> [WHAT YOU HAVE TO DO]
Starting from the line that holds "Bedroom with a", output exactly each line through the end of the listing. Do not copy pictures.

> [RECORDED INFORMATION]
((

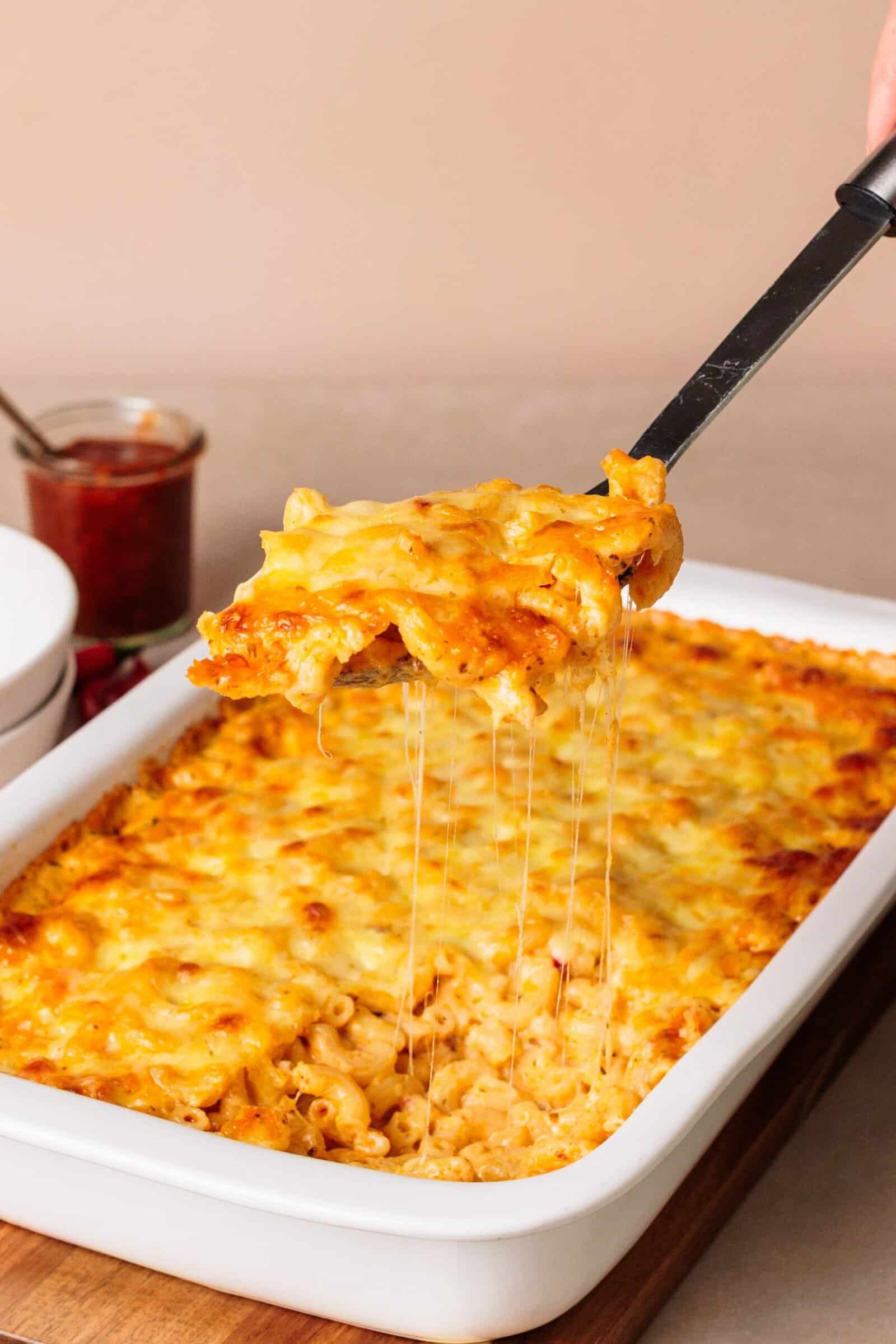 A spatula lifts a cheesy portion of baked macaroni and cheese from a white casserole dish, with gooey melted cheese stretching from the pan.
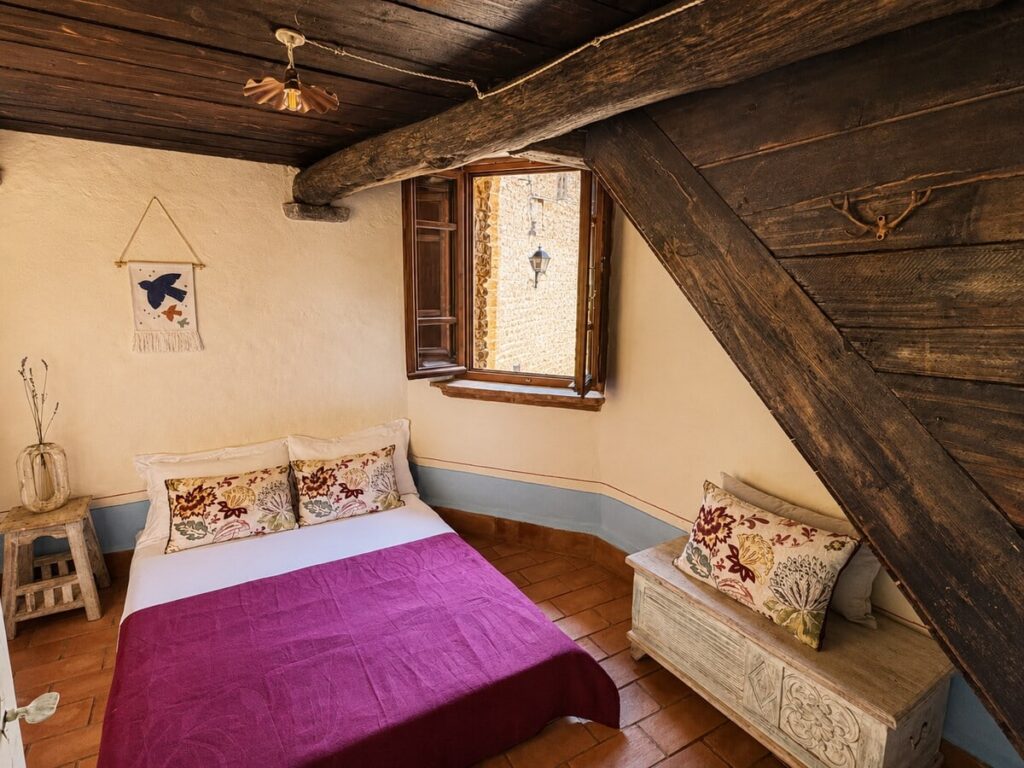 Bedroom with a double bed and window in the Il belvedere apartment, Borgo Braila, Umbria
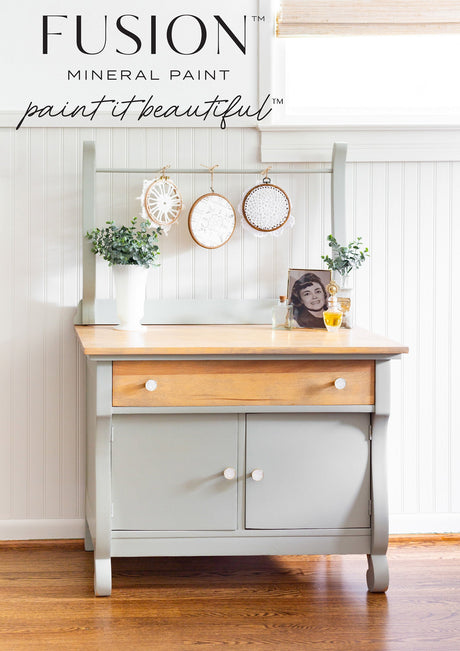 Light gray and wood sideboard with framed art, eucalyptus, and decor; “Eucalyptus Fusion Mineral Paint” above.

))

> [ANSWER BELOW]
 Bedroom with a double bed and window in the Il belvedere apartment, Borgo Braila, Umbria
 Light gray and wood sideboard with framed art, eucalyptus, and decor; “Eucalyptus Fusion Mineral Paint” above.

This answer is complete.